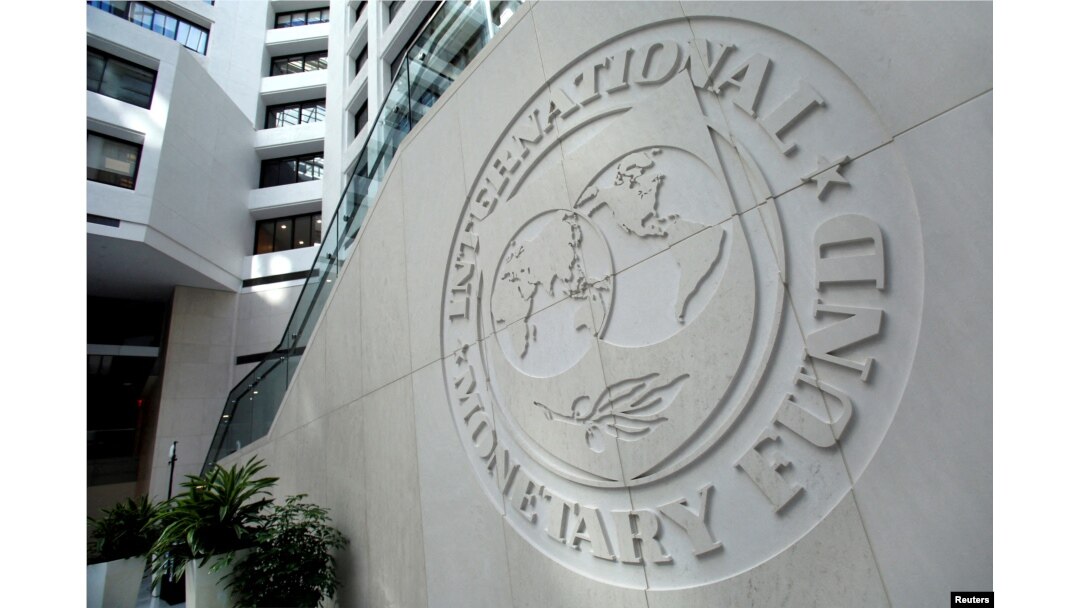 Logo Dana Moneter Internasional (IMF) terlihat di dalam kantor pusatnya pada akhir pertemuan tahunan IMF/Bank Dunia di Washington, AS, 9 Oktober 2016. (REUTERS/Yuri Gripas/File Photo IMF)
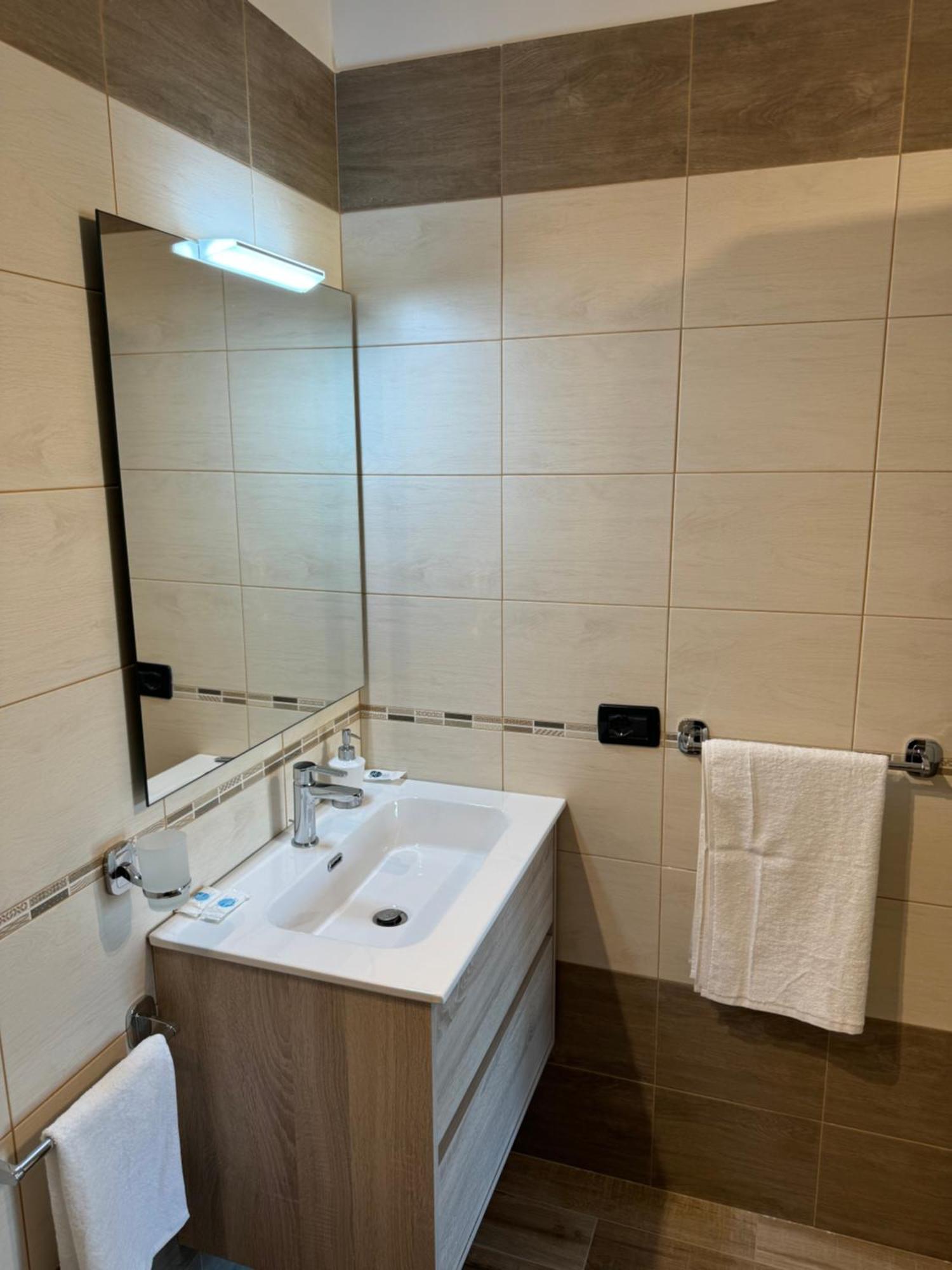 Domus Magna Grecia Hotel Катандзаро Екстериор снимка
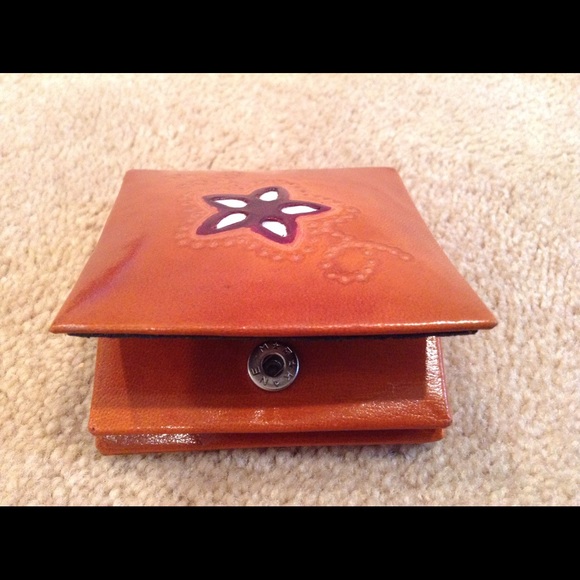 Boho craft leather change purse w/embossed design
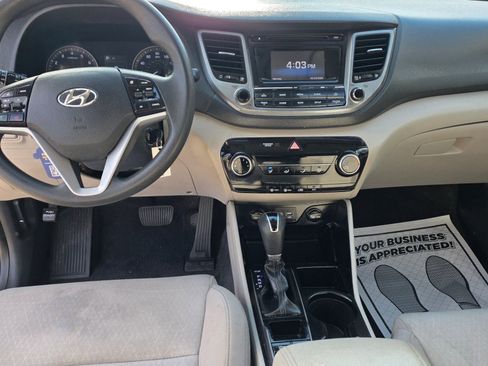 Used 2017 Hyundai Tucson SE image 11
========
PROBLEM REQUIREMENTS: Excluding pictures, copy exactly the lines from the line containing "Boho craft leather" through the last line of the data, inclusive.

YOUR SOLUTION:
 Boho craft leather change purse w/embossed design
 Used 2017 Hyundai Tucson SE image 11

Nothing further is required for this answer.